# aep land leasing



## sparkywest28 (Feb 27, 2005)

how do u go about leasing aep land?


----------



## DarbyMan (Dec 11, 2005)

As far as I know, you don't.


----------



## bulafisherman (Apr 11, 2004)

I believe you do need a permit that is good for life, I got one about 20 years ago, I just recently hear that aep land might not be open for public use much longer, anyone know if there is any truth to that?


----------



## bronzebackyac (Apr 19, 2005)

I've heard that some land on the left side of 83 is going to leased, but to whom I don't know. I would say that the other areas and campgrounds are still going to be open. But on the other hand, with liability issues and people not using the area properly, I could see them closing it in the future. I sure hope not, but you never know. I would hope the state would buy it and set it aside for the public forever.


----------



## Snackmans Dad (May 2, 2007)

http://www.ohiogamefishing.com/community/showthread.php?t=80514 This was a good thread from awhile back interesting.


----------



## John S (Nov 8, 2007)

You can get a "Permit" at most local shops and on AEP's website you can print one out. I believe they lease land to farmers and such, I have never heard of them leasing a certain section to hunters or anything like that, I believe the farmers leased land would be considered private and non-huntable. Once they mine an area, it has to be vacant and "flushed" for so long due to the chemicals and such that are uncovered. As mining continues, they start digging in a different spots and close the current spot for a few years and then open it to hunting. 

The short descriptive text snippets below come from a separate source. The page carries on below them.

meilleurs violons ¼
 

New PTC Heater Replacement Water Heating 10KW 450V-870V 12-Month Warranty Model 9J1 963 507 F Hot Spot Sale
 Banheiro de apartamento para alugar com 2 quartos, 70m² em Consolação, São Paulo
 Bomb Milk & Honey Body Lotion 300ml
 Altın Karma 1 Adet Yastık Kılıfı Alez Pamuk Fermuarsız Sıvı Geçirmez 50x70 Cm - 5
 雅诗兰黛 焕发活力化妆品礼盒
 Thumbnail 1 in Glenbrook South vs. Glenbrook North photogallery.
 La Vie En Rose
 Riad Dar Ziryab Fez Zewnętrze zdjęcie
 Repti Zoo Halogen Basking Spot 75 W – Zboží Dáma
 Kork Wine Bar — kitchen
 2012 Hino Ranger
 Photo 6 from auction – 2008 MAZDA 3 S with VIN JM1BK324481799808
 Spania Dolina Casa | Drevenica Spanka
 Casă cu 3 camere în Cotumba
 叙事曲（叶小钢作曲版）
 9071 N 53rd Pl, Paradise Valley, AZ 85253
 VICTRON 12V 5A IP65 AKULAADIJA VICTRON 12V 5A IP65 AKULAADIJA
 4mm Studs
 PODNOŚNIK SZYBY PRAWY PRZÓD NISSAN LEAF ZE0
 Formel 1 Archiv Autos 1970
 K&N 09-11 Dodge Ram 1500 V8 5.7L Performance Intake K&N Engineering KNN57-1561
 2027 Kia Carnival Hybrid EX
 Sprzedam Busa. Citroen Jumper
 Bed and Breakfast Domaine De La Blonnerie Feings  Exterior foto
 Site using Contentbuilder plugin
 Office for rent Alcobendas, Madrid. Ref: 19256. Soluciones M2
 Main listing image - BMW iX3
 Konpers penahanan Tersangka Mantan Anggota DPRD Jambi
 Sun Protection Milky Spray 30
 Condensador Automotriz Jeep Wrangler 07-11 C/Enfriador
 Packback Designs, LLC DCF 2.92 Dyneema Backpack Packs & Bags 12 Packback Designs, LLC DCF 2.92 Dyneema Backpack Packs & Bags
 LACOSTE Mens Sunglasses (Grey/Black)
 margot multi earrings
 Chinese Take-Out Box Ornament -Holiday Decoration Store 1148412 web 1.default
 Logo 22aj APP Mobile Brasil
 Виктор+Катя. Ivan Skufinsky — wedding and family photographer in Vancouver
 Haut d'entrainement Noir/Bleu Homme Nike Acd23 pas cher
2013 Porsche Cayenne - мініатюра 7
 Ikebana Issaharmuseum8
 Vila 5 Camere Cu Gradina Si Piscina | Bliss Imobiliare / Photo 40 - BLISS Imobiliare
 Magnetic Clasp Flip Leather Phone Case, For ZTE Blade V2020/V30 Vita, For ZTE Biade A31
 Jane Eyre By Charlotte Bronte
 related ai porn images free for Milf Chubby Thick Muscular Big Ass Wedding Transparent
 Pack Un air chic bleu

I didn't hear anything about closing the area. They actually recently opened more areas and added acerage to existing sposts so?? I personally don't think they will close it, especially since deer eat the small vegitation and they like to appear to be very environmental friendly by planting millions of trees and what not. Almost all the people living in the area they are operating in hunt and they want good consumer relations. I think the real problems exist when people go off roading and tear it up, hurt, and litter. This is just my 2 cents. Good luck! -John


----------